Normally, it would need minority shareholder nod
Given that the stock price of Maruti Suzuki India Limited (MSIL) has risen despite all the furore over parent Suzuki’s decision to own the Gujarat plant—prices rose from R1,701 before the announcement to R1,737 on Friday—it is easy to see shareholders don’t seem to share the concern of various institutional investors, and advisory firms. Indeed, minority shareholders in India have rarely been exercised about the concerns aired on high royalties or inter-group mergers—share prices of companies criticised by proxy advisory firms may have fallen off in the immediate aftermath of an announcement, but they have bounced back sooner rather than later. For instance, had small shareholders acted on the advice of proxy advisory firms who felt the Hindustan Unilever (HUL)’s royalty payments were too high and sold the stock in January 2013, they would have lost a 50% hike in the share price in the space of six months which resulted from the FMCG major’s parent announcing an open offer. Indeed, had it not been for the royalties paid by Maruti to its parent, the Indian firm would not have been able to come up with new products essential for it to compete in the market.
But just because the market doesn’t seem to be paying attention to red flags being raised doesn’t mean firms should give corporate governance the go by. More so in the case of multinationals who boast of strong corporate governance norms—Suzuki, for instance, is proud of the fact that it does not pay generous dividends to shareholders, nor give ESOPs to employees. Maruti’s chairman RC Bhargava is on record, on multiple occasions, saying that Maruti will earn more money from its cash hoards—basically, that the interest earned will be greater than the margins it would have got had it financed the Gujarat plant as planned originally. The problem, however, is that not too many are buying the argument, more so since part of the Gujarat plant’s costs are to be financed by Maruti through a mark-up on the cars it buys from Suzuki Gujarat.
But even if you were to assume Bhargava has got his maths right, there is the larger problem of the optics—had the new Companies Act been in place today, Maruti would have had to get the proposal to allow Suzuki to set up the plant passed by its minority shareholders. Had the Companies Act in place—indeed, while parts of its Rules have been notified, some others haven’t.
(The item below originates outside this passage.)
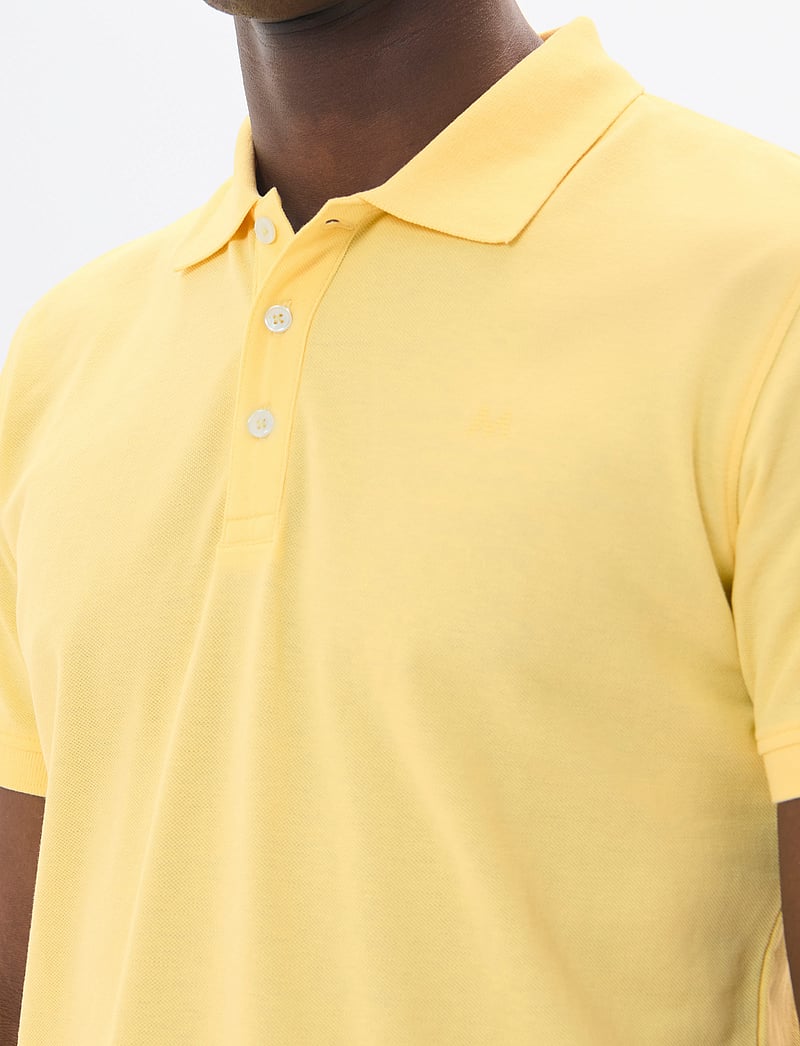 Matinique - MApoleo Melange - kortærmede poloer - golden haze - 4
Section 188—for which the Rules have not been notified, but could any day—requires that the sale or purchase of goods between related parties be voted by a special resolution in which the majority shareholders have to abstain. And just a month ago, Sebi notified a change in its Listing Agreement to align with the new Companies Act which makes this mandatory for ‘material’ transactions. Under this, a related party transaction is ‘material’ if it exceeds 5% of the annual turnover or 20% of the net worth of the company, whichever is higher—logically, this will apply to the Suzuki Gujarat plant. Except, Sebi’s Board decided the rules would come into effect only from October 1. In such a situation, whether or not Bhargava’s numbers are right, Maruti should get the agreement voted on by minority shareholders since that is what both the Companies Act as well as Sebi are saying.